Arthur Rimbaud, Charleville, 20 ottobre 1854 – Marsiglia, 10 novembre 1891
Un tempo, se ben ricordo, la mia vita era un festino: vi scorrevano tutti i vini, vi si apriva ogni cuore.
Una sera, mi son presa sulle ginocchia la Bellezza. – E l’ho trovata amara. – E l’ho insultata.
Mi sono armato contro la Giustizia.
Volli scomparire. Streghe, miseria, odio, proprio a voi è stato affidato il mio tesoro!
Dal mio spirito riuscii a cancellare ogni speranza umana. Su ogni gioia, per soffocarla, mi avventai con balzo sordo di bestia feroce.
Ho invocato i carnefici per mordere, cadendo, il calcio dei loro fucili. Ho invocato i flagelli, per soffocarmi nella sabbia, nel sangue. La sventura è stata il mio dio. Mi sono steso nel fango. Mi sono asciugato al vento del delitto. E alla pazzia ho giocato brutti tiri.

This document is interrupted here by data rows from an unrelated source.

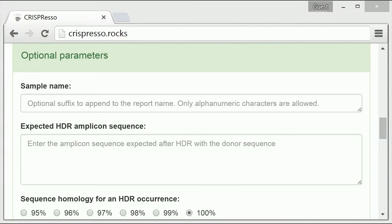The first option, under the sample name heading, allows for the addition of a suffix to appear on the file names of the output analysis files. As an example, we will enter the suffix test data.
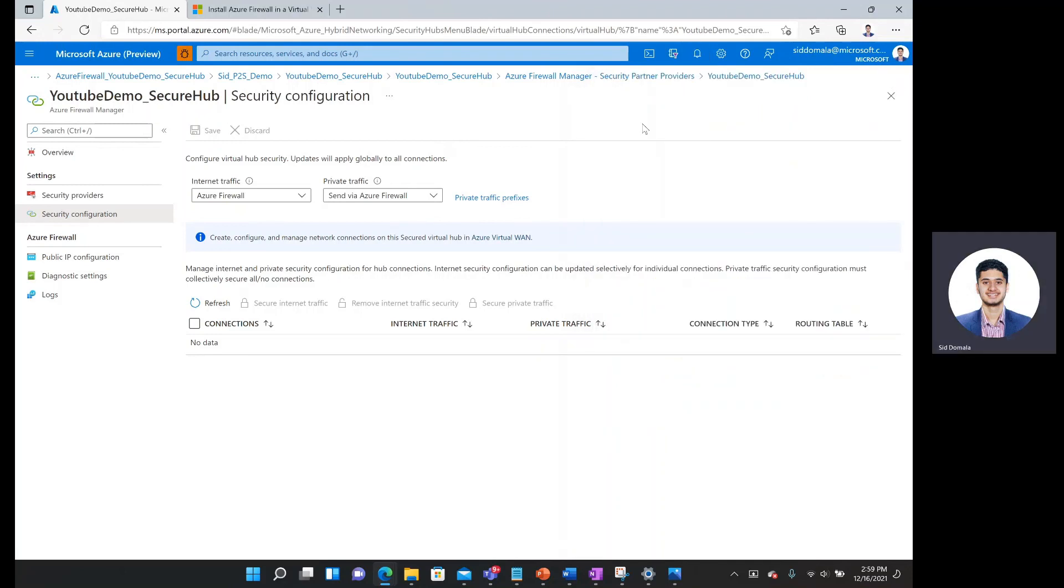OK, so it took about 5 to 10 minutes for the security configuration to be updated such that now any traffic that we're sending to the internet would first go to firewall and any private traffic such as branch traffic or VNet traffic would first go to Azure firewall before then reaching its final destination.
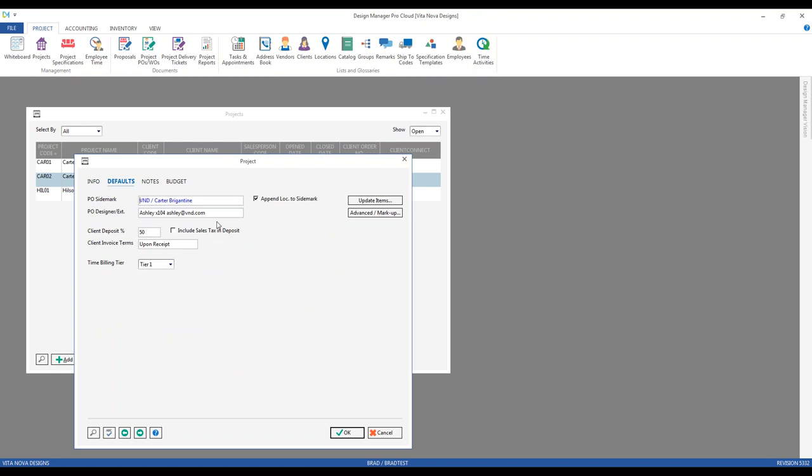Let's edit Ashley Brandon. On the right side we have the selection for purchase order designer extension, and I've entered Ashley's name, her extension, and even her email address. When Ashley Brandon is the manager or designer on a particular project — she's associated with the Carter Beach Home — on the Defaults tab of the project, the PO designer extension for Ashley automatically appears. All of that information will appear right in the header of the purchase order document, so the vendor knows exactly who to contact.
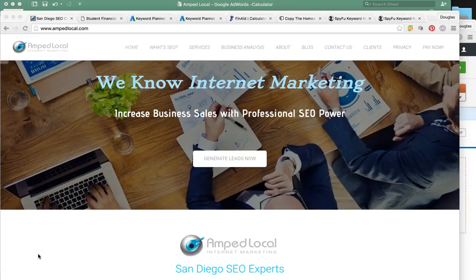Hey, how's it going Kevin? This is Douglas James. Thanks for taking the time out of your day to watch this video presentation that I made for you.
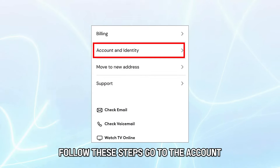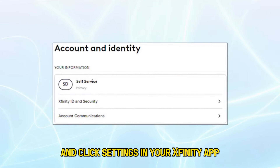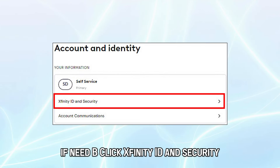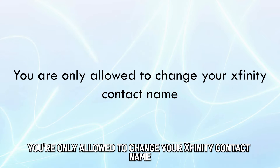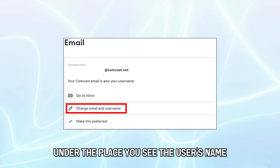Go to the Account and Identity page and click Settings in your Xfinity app. Sign in using your Xfinity ID and password if need be. Click Xfinity ID and Security. You're only allowed to change your Xfinity contact name. Click Edit Name under the place you see the user's name.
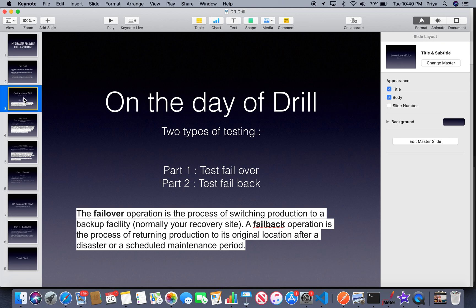Part one is testing the failover: once the primary is failed over to the secondary region, certain configuration changes happen on the backend handled by DBAs and DevOps, after which you test your application on the secondary disaster recovery site. Part two is failback testing — failing back means returning to your primary region. You can't just switch back and leave it; you have to run sanity testing to ensure none of the configuration changes are affecting your real production site. You verify all sanity scenarios work fine on primary — that's the second part of testing.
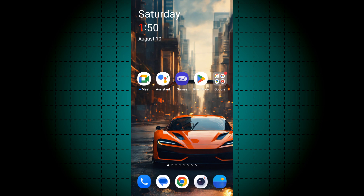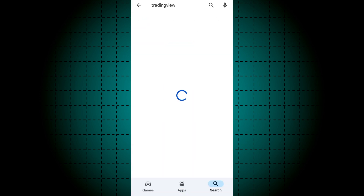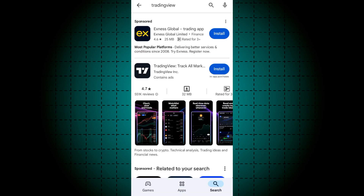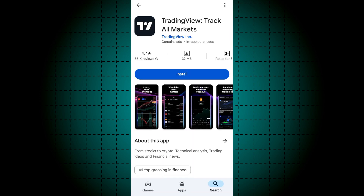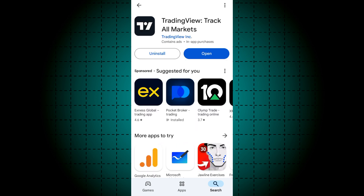Hello guys, today in this video I will show you how to download and install the TradingView app on Android mobile. First of all, open the Play Store, search TradingView, open it, and click install. It will take two seconds to install on your Android mobile, so wait for it. You can see it is totally installed. Thanks for watching.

E la primavera mi ha portato il viso atroce dell’idiota.
Dunque, essendomi trovato proprio di recente sul punto di fare l’ultimo crac! ho pensato di cercare la chiave del festino antico, per potervi riprendere forse un po’ d’appetito.
La carità è questa chiave. – Questa ispirazione prova che ho sognato!
” sarai sempre una iena, ecc…” prorompe il demonio che di così amabili papaveri mi aveva incoronato. ” Acchiappa la morte con tutti i suoi appetiti, e il tuo egoismo e tutti i peccati mortali”. Ah! quante ne ho subite: – Ma ve ne supplico, caro Satana, una pupilla meno irritata! e in attesa di piccole viltà in ritardo, ecco, dal mio taccuino di dannato strappo per voi, che in uno scrittore apprezzate l’assenza di facoltà descrittive o istruttive, questi pochi foglietti schifosi.
MATTINO
Non ebbi forse, una volta, una giovinezza amabile, eroica, favolosa, da scrivere su fogli d’oro, – troppa fortuna! Per quale delitto, per quale errore, mi son meritato la mia attuale debolezza? Voi che dalle bestie pretendete scoppi di singhiozzi dolorosi, accessi di disperazione dai malati e brutti sogni dai morti, cercate di raccontare la mia caduta e il mio sonno. Io non sono capace di spiegarmi meglio del mendicante con i suoi ininterrotti Pater e Ave Maria. Io non so più parlare!
Tuttavia, oggi, credo d’aver finito la relazione del mio inferno. Era proprio l’inferno; quello antico, di cui il figlio dell’uomo aprì le porte.
Dallo stesso deserto, nella stessa notte, sempre i miei occhi stanchi si ridestano alla stella d’argento, sempre, e non la minima emozione nei tre Re della vita, i tre magi, spirito, anima, cuore. Quando mai andremo, oltre i monti e le rive, a salutare la nascita del nuovo lavoro, la nuova saggezza, la fuga dei tiranni e dei demoni, la fine della superstizione, ad adorare – per primi! – Natale sulla terra!
Il canto dei cieli, la marcia dei popoli! Schiavi, non malediciamo la vita.